Brett Narloch, Bismarck
It's not a secret that the 2010 election was about one issue: Obamacare. That was the catalyst behind the dozens of tea parties that spontaneously popped up across North Dakota. Thousands of citizens, many of whom had never participated in a political rally before, voiced their opposition to the federal government's radical new approach to health care policy.
Congressman Rick Berg seized upon this concern and defeated an 18-year incumbent, who voted for Obamacare.
Clearly, North Dakotans do not like it.
North Dakotans may get an opportunity to vote on Obamacare themselves. If the North Dakota Legislature puts a state constitutional amendment on the November 2012 ballot, North Dakotans would be able to legally and legitimately eliminate the individual health insurance mandate. It's a very exciting thought.
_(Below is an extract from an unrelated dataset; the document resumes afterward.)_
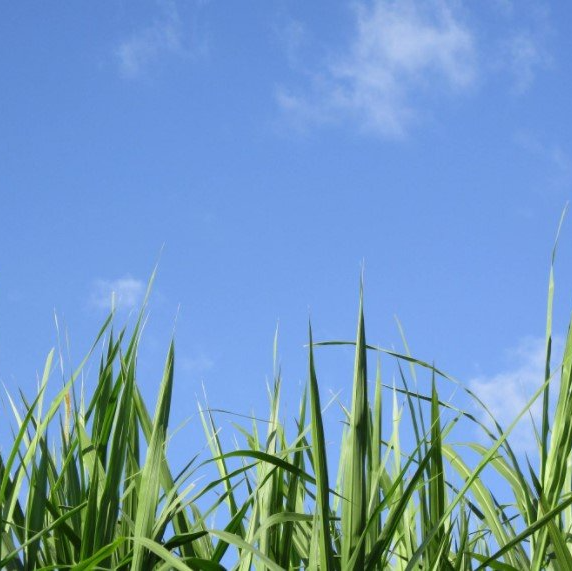 Lawn Care Service Yard Maintenance Greenville SC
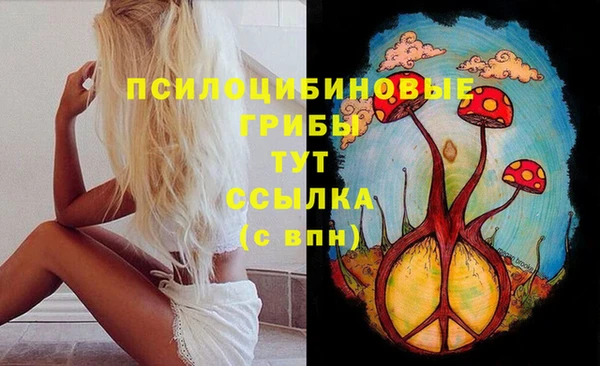 прущий лед Сафоново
Arizona and Oklahoma have already passed their own amendments.
Very simply, the Health Care Freedom Act would amend the North Dakota Constitution to protect each individual's right to participate in whichever health care system they choose or if they want to participate in any system at all.
Yes, the features of Obamacare if the U.S. Supreme Court says it is the law of the land that some North Dakotans may like would still be available to them. But this ensures that those who do not wish to participate in it do not have to.
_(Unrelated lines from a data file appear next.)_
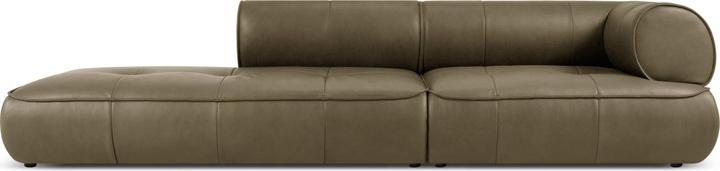 Dark olive green
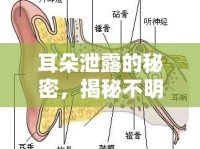 耳朵泄露的秘密，揭秘不明液體的真相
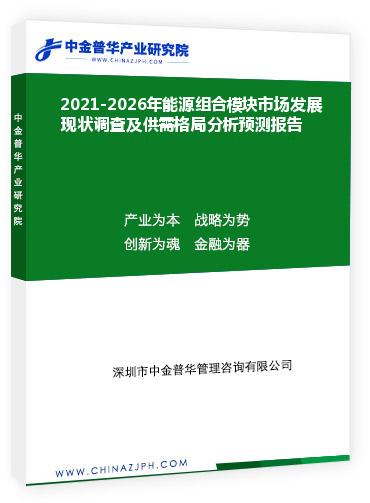 2021-2026年能源組合模塊市場發(fā)展現(xiàn)狀調查及供需格局分析預測報告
But for those of us who believe it is a dramatic overreach by the federal government, there is a remedy. North Dakota Attorney General Wayne Stenehjem joined the Florida case with a group of other states who declared the health insurance mandate to be unconstitutional. But in order for him to continue to have standing in that case, some experts say that North Dakota may have to pass the Health Care Freedom Act.
Giving North Dakotans the opportunity to keep health care policy a state issue, the ability to make their own decisions about their health care, and general health care freedom require North Dakota to pass the Health Care Freedom Act.
If only the Legislature puts it on the ballot.
(Narloch is executive director of the North Dakota Policy Council.)